DES MOINES — Rep. Richard A. Gephardt, trying to reignite his campaign for the Democratic presidential nomination, portrayed himself Wednesday as an anti-Establishment candidate under fire by corporate America for his populist views.
In a speech billed by his staff as the most important address since the announcement of his candidacy, the Missouri congressman confronted criticism of his trade and farm policies by depicting his critics as out of touch with working Americans. The speech was an attempt to distill his platform into simple, easily understood themes as he begins the final stretch of his Iowa campaign after a widely perceived slump last fall.

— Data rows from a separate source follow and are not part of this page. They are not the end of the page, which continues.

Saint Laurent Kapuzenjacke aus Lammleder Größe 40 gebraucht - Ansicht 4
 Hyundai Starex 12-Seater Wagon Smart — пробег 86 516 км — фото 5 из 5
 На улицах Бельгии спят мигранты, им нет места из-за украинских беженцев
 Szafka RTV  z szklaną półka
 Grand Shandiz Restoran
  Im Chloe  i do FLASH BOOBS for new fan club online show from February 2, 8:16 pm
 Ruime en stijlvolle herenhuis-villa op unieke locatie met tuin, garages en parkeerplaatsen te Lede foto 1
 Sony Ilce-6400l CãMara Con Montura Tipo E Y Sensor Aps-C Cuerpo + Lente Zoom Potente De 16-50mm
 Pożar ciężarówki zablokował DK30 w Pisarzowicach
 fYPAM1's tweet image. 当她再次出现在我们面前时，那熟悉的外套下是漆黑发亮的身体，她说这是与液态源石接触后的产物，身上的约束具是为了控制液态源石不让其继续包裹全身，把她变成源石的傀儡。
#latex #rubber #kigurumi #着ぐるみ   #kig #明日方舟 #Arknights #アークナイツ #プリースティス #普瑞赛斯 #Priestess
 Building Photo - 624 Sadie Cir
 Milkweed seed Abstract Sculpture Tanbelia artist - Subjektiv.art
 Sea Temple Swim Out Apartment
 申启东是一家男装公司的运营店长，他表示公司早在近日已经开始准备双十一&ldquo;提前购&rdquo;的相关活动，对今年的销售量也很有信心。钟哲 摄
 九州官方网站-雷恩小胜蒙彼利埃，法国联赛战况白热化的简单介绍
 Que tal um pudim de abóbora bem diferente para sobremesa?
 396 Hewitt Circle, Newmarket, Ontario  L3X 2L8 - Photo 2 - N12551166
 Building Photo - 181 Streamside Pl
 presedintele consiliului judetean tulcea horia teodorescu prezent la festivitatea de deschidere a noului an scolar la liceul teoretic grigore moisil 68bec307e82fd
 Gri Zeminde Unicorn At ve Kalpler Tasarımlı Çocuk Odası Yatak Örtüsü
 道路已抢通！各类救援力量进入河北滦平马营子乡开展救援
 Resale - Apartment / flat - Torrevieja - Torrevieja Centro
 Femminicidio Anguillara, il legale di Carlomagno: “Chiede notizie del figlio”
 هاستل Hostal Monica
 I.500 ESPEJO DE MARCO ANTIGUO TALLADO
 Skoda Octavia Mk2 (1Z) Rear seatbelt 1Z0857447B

Newspaper editorials, including a biting attack in the Des Moines Register Tuesday, have condemned Gephardt's trade proposals as protectionism that could lead to a trade war and ultimately hurt American exports. Several news reports have contended that the farm crisis, around which Gephardt has centered much of his Iowa campaign, is over.
Gephardt said these observations are wrong, made by what he called "Establishment" interests who are not personally affected by trade and farm problems.
Speaks at Drake University
"Unfair trade practices do not lower the standard of living of economists," said Gephardt, addressing 100 people at Drake University here. "The editorial board of the Wall Street Journal doesn't have to worry about their jobs being shipped abroad. And the grocery stores will be filled with produce, whether it comes from family farms or corporate farms."
Gephardt said his opponents are "unable or unwilling" to confront the "Establishment view." Quoting President Andrew Jackson, Gephardt said that the Democratic Party must remain "the party of farmers, mechanics and laborers."
"At our best," he said, "we have never won the support of the Establishment. Jackson was never popular on Wall Street. Most editorial writers fervently denounced Franklin Roosevelt and the New Deal."
Gephardt's trade bill calls for negotiation to reduce trade barriers and eventual sanctions against countries that impose tariffs on U.S. goods. His farm policy advocates referendums to permit growers to establish mandatory controls on commodities.
Willing to 'Take Heat'
Gephardt said he is willing to "take the heat" for his stands. "I know the reaction of the Establishment--of apostles of the status quo--of Democrats who would prefer to talk only a little and do even less in areas like trade," he said. "But I entered this campaign to stand for change--and not simply to run for office."
Gephardt read his speech from TelePrompTers and gave much of it over the loud drone of a faulty fire alarm. Staff members and volunteers filled about a third of the audience. The rest were university employees, high school students who were there for classes and Democratic activists. Drake students are on their winter break.
Wants to Sharpen Message
Gephardt's aides said he used the speech to try to sharpen his message and to set a stronger, more presidential tone for the last five weeks of the Iowa campaign. Joseph Trippi, Gephardt's deputy campaign manager, said the candidate considered the address important "because he's found a better way of communicating what he cares about."
"It's basically harder, tougher language, more focused . . . " said Trippi. "He's a guy who started the campaign talking about which bills he's had passed in Congress. But, at some point, he had to articulate these (issues) as a President, as someone who is going to lead the country to change."